━━ The data ━━

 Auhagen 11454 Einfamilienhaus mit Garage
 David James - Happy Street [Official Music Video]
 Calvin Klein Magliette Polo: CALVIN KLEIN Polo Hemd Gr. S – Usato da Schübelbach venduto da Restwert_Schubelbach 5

━━━
━━ The data ━━

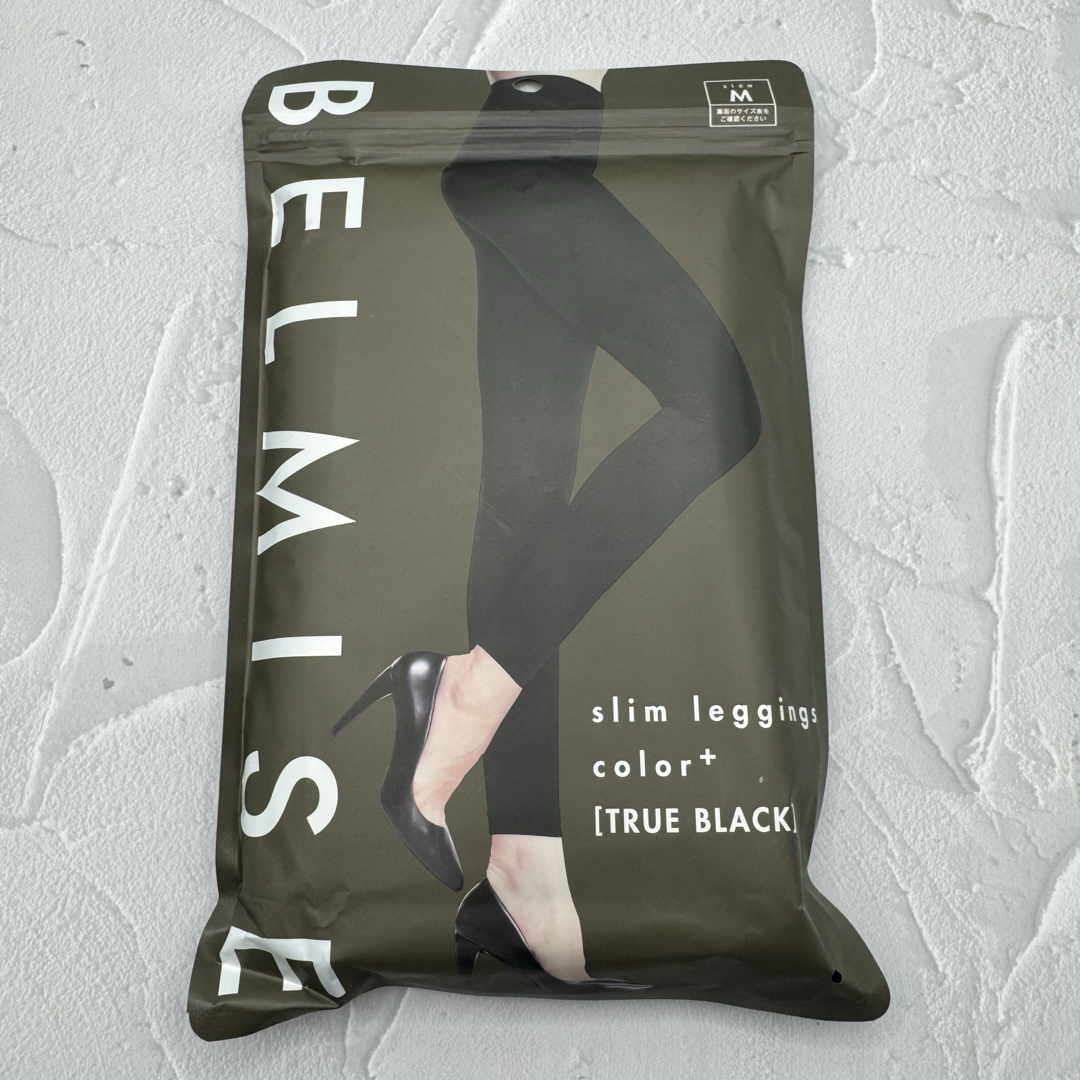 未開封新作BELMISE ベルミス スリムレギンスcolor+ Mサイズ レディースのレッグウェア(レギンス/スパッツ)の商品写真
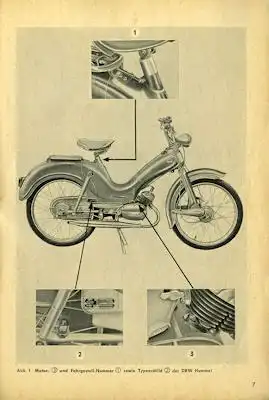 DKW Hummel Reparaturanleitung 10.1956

━━━
━━ The data ━━

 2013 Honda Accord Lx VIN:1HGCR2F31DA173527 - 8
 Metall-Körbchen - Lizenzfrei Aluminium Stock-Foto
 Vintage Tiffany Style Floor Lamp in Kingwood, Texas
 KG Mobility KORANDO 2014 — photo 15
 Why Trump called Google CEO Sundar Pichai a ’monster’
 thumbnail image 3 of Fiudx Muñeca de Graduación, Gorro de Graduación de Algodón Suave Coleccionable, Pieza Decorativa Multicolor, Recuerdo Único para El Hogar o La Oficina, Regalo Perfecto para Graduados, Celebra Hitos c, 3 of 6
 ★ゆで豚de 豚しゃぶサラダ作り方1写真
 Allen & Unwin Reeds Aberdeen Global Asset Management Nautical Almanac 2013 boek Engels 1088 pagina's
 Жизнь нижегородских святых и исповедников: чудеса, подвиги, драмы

━━━

> [Problem details]:
Above are some records; copy exactly the lines from the one with "Allen & Unwin" through the one with "Жизнь нижегородских святых", both included, and no others.

> [Task answer]:
 Allen & Unwin Reeds Aberdeen Global Asset Management Nautical Almanac 2013 boek Engels 1088 pagina's
 Жизнь нижегородских святых и исповедников: чудеса, подвиги, драмы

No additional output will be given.